The body of a young Brooklyn woman who was eight months’ pregnant was discovered yesterday in a cardboard box on a sidewalk in the garment center. Ten hours later the police took into custody a part-time elevator operator in a building she had visited. According to the police, the woman, 21-year-old Rachel Brecher, the wife of a rabbinical student, was forced into a large oil-burning furnace in the basement of the building she had visited on Thursday afternoon to buy a coat. The Medical Examiner’s office determined the cause of death to be asphyxiation. The police said the asphyxiation had been caused by the fire. Mrs. Brecher’s body-nude, charred and blood stained- was found with a shopping bag in a cardboard box in front of 244 West 39th Street, where she visited the Gabriel Coat and Suit Company. A sanitation man discovered it at 1 AM yesterday.

At about 9 PM on Thursday night, Mrs. Brecher’s parents, Leah and Harry Klein, went to the building in the hope of finding their daughter, when she failed to return home.

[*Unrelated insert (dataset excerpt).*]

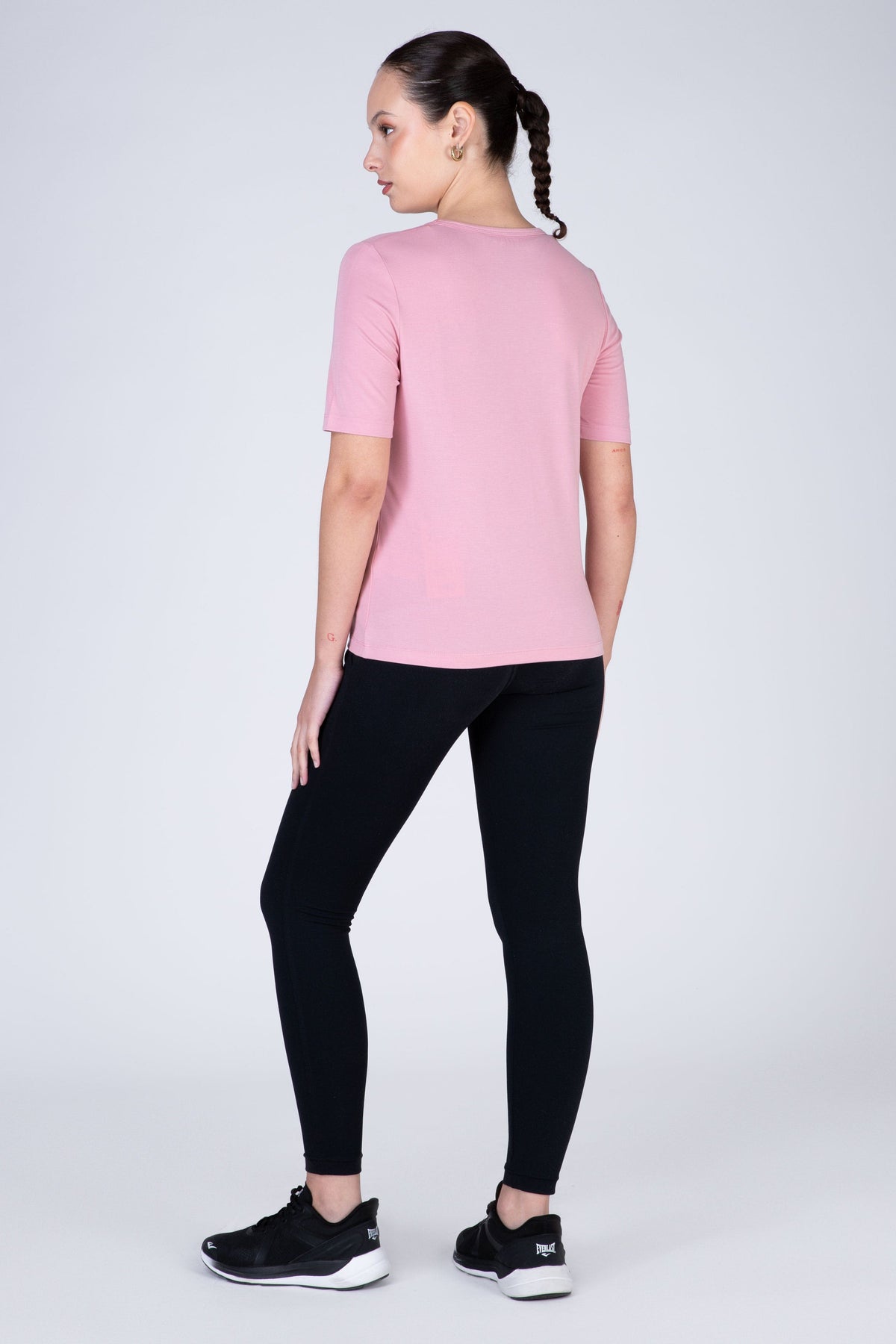 Polera Manga Corta Express Rosado Everlast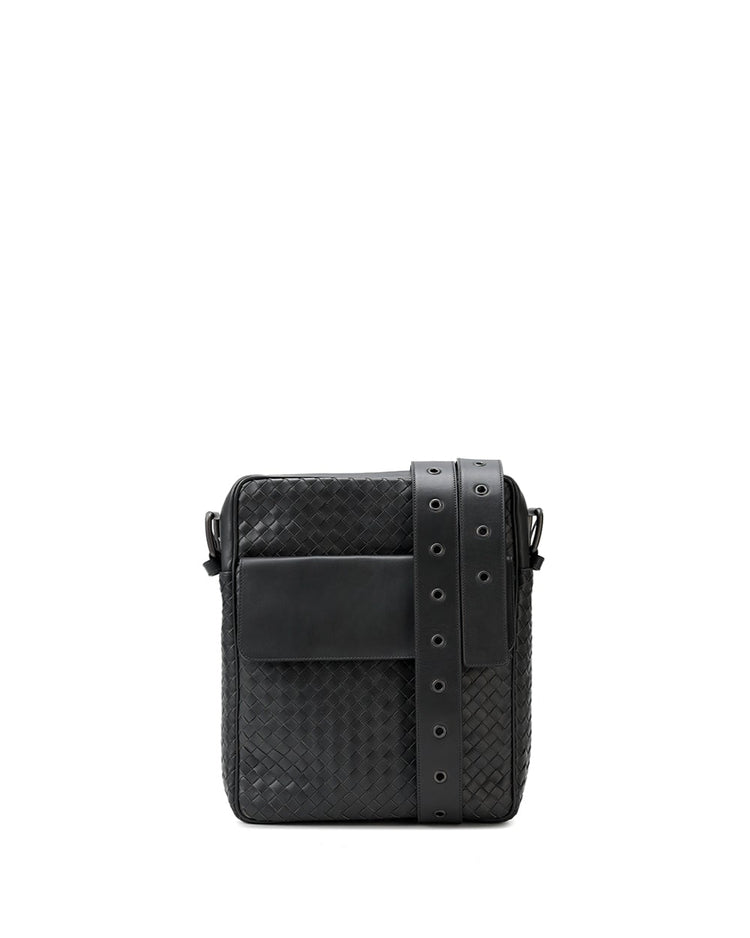 Intrecciato Messenger Bag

They later recalled having passed the cardboard box in which the body had been placed.


excerpt from NYT 2/15/77

Monday, February 14, 1977

Raleigh Warehouse Looting 650 W 30th

The warehouses burned for days, beginning January 9th and have been looted since then.

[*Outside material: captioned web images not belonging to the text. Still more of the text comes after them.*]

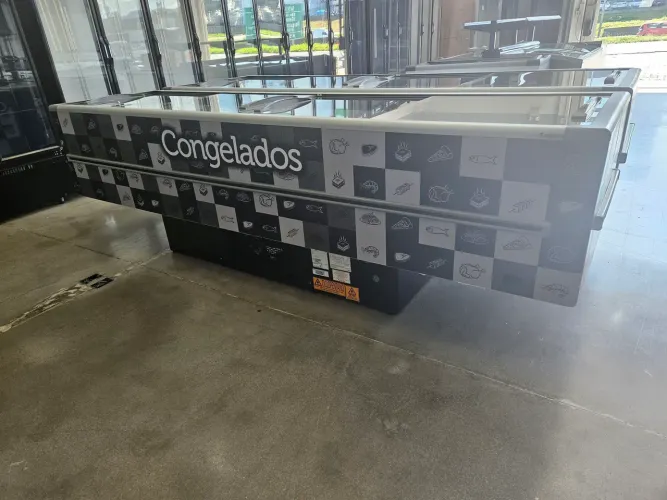 ilha de congelados 3 metros 820 litros - a pronta entrega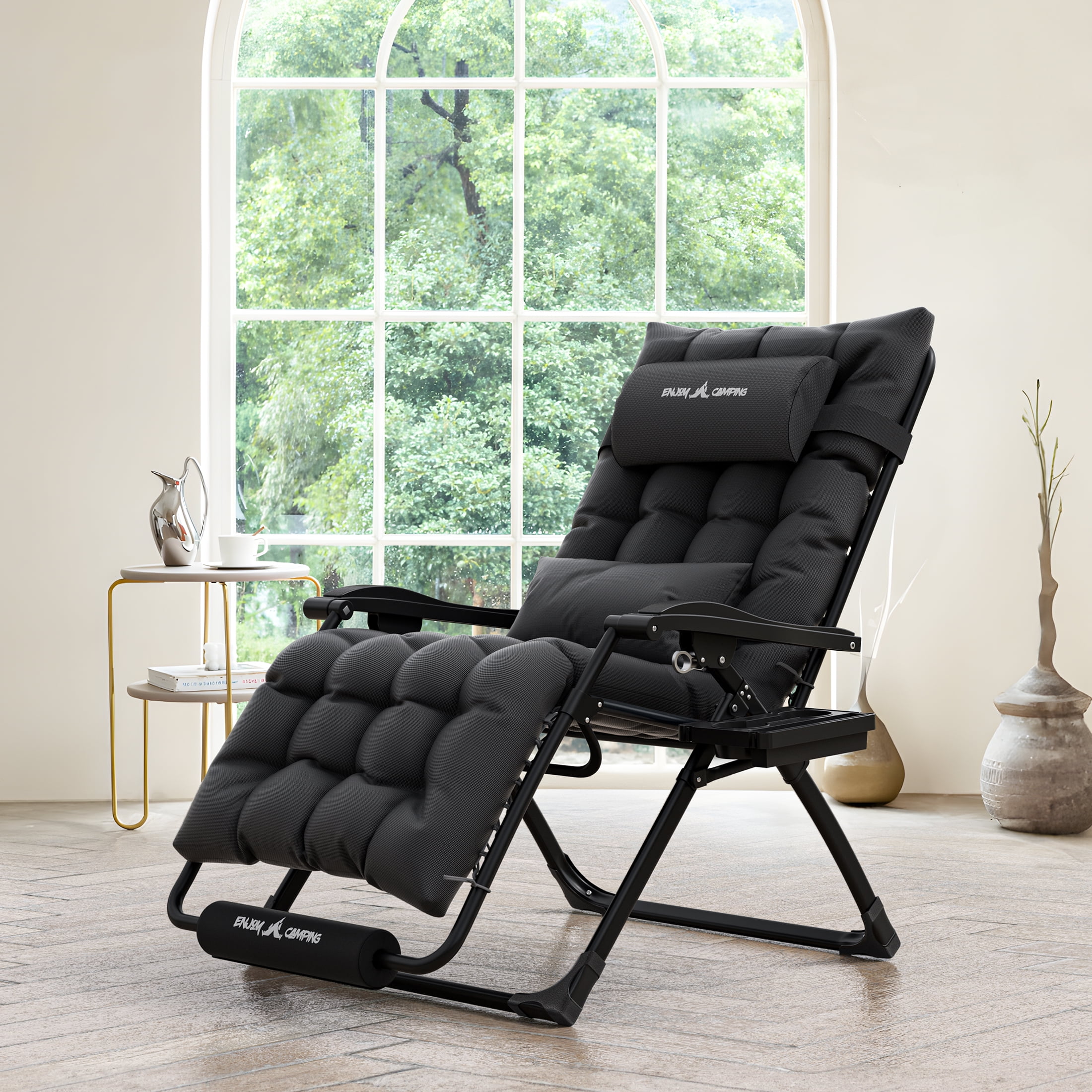 UDPATIO Oversized Zero Gravity Chair 29In XL Patio Reclining Chair with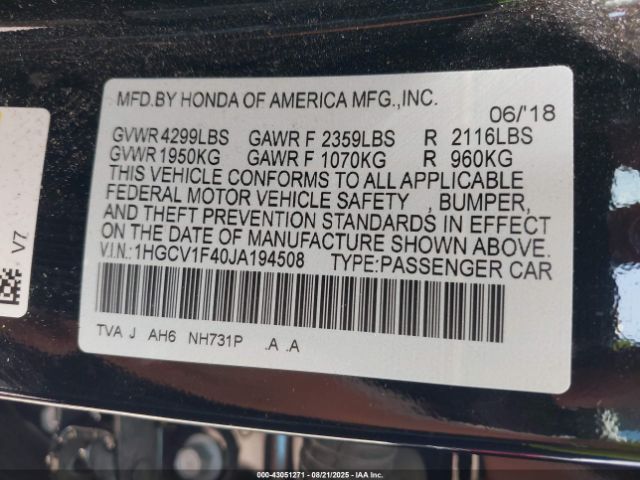 Honda Accord Ex Image 18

“It was balmy weather for Sunday afternoon looting, and hardly anybody went away empty-handed yesterday from a row of burned-out warehouses on West 30th Street near 12th Avenue. Families on outings stopped by to join a constant stream of children and youths carrying away toys, cheap jewelry, plastic cameras, baskets, canned sardines, bottled shampoo and huge rolls of fake-fur fabric. With not much more than 300 shopping days till Christmas, there was a brisk demand for plastic snoopy dogs, swords, locomotives, horns, popguns and football helmets.” “I got a lot of toys before,” said one youth happily. “Now my mother sent me back for some fur.” The warehouses were among six that burned for several days, beginning Jan 9th, and have not been boarded up. Mark Schmidt, the lone watchman, who was trying to keep a finger in the dike, said he could only “try to be nice to the people and let them take just what’s outside the building.” Police Officer Steven Berenhaus said he had made three arrests yesterday and one three weeks ago of a man who had taken 30 cartons of toys away in a van. He said the police cars had too many sectors to cover” to stay around long. “The owner doesn’t seem to care-I guess he’s just as soon have the stuff stolen,” said Sgt Richard Ecklord. There were no police barricades to block the street.

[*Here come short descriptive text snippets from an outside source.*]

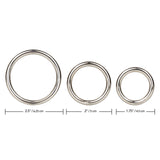 Rings! Silver Cock Rings (3 Piece Set)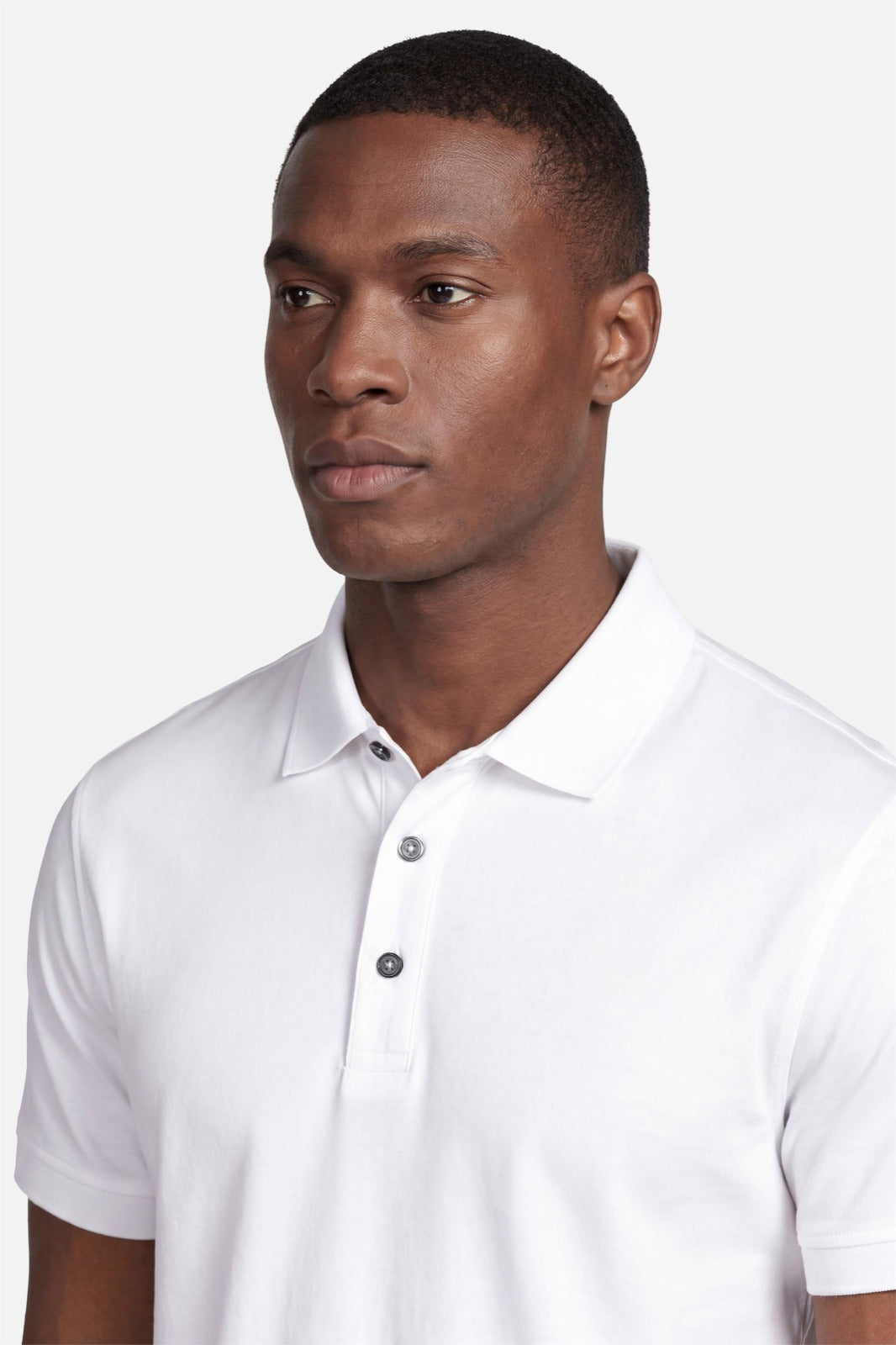 Polo Manga Curta Silk Blend Modal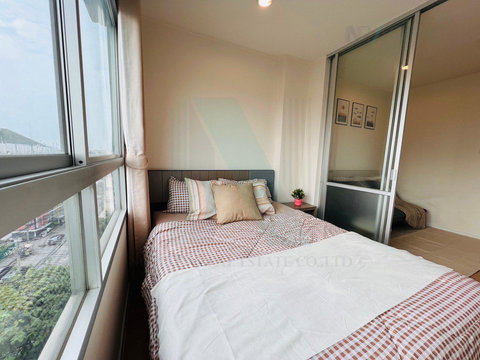 🚩 ให้เช่าคอนโด ลุมพินี วิลล์ อ่อนนุช 46 อาคาร A1 ชั้น 8 1 ห้องนอน ขนาด 23 ตรม ใกล้ Seacon Square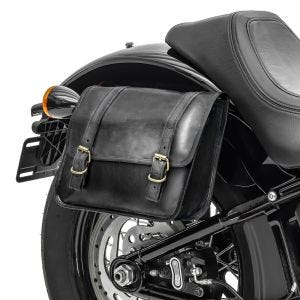 Satteltasche für Moto Guzzi V7 Special / Stone Vintage Tasche Craftride SV6 rechts 6Ltr schwarz_0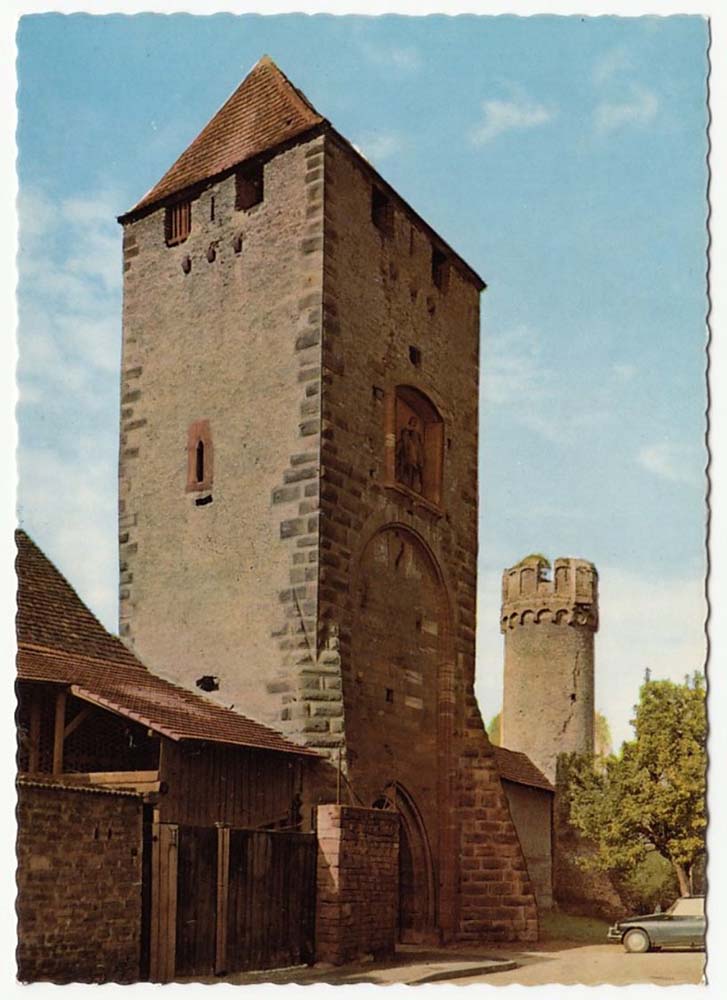 Ladenburg. Martinstor mit Hexenturm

excerpt from Laurie Johnston NYT 2/14/77

Wednesday, February 02, 1977

Major Crimes Wane With The Cold Wave

Metropolitan Area Reports a Sharp Decline in Robbery, Burglary, Assault and Car Theft

The cold wave has apparently had one desirable side effect: it has, at least temporarily, snapped the crime wave. Since the onset of frigid weather in December, there has been an abrupt decrease in the metropolitan area in most major crime categories. “Officer Frost is one of our best criminal deterrents,” said Assistant Chief Joseph F Veyvoda commander of all uniformed officers in Queens.